Roma, Viale Regina Margherita, n. 262-264, giusta procura a margine

del ricorso;

– ricorrenti –

contro

Agenzia delle Entrate, in persona del legale rappresentante pro

tempore, rappresentata e difesa dall’Avvocatura Generale dello Stato

presso i cui uffici è domiciliata in Roma, Via dei Portoghesi n.

12;

– resistente –

avverso la sentenza della Commissione tributaria regionale delle

Marche n. 107/4/2011, depositata il 12 agosto 2011.

Udita la relazione svolta nella Camera di consiglio del 28 giugno

2019 dal Consigliere Luigi D’Orazio.

Fatto

RILEVATO

che:

1. L’Agenzia delle entrate, essendo stato rinvenuto un foglio extracontabile manoscritto, con indicazione di contratti stipulati con vari acquirenti, provvedeva, con accertamento analitico-induttivo, ai sensi del D.P.R. n. 600 del 1973, art. 39, comma 1, lett. d, nei confronti della società C. Costruzioni s.r.l., società esercente attività di costruzione e ristrutturazione di edifici di civile abitazione, per l’anno 1994, per ricavi non contabilizzati a fronte di cessione di porzioni di immobili, con conseguente accertamento anche nei confronti dei soci C.P.P. e sua moglie Z.P., con riferimento agli utili ad essi distribuiti, trattandosi di società a ristretta base partecipativa.

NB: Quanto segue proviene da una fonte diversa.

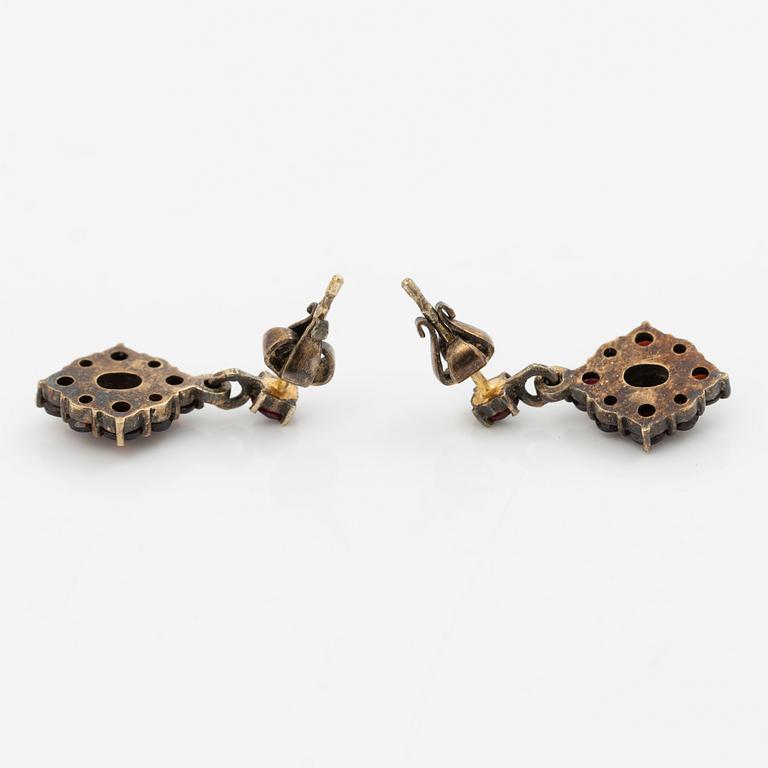 Pendant and a pair of earrings, gilt metal with garnets.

2. La Commissione tributaria provinciale di Macerata accoglieva il ricorso proposto dai soci C.P.P. e Z.P., con sentenza 168/1/99 del 18-6-1999.

3. La Commissione tributaria regionale delle Marche, con sentenza 106/10/2000 dell’11-12-2000, facendo propria la decisione della Commissione tributaria di Macerata 105/01/2000 nei confronti della società, accoglieva parzialmente l’appello proposto dall’ufficio, solo con riferimento alla individuazione di maggiore Irpeg per lire 39.000.000, in relazione a due compromessi sottoscritti attestanti pagamenti di importi non registrati in contabilità.

4. La Corte di Cassazione, con sentenza 15171/2006, cassava la sentenza della Commissione regionale 106/2000, in quanto motivata solo per relationem, con rinvio alla CTR delle Marche.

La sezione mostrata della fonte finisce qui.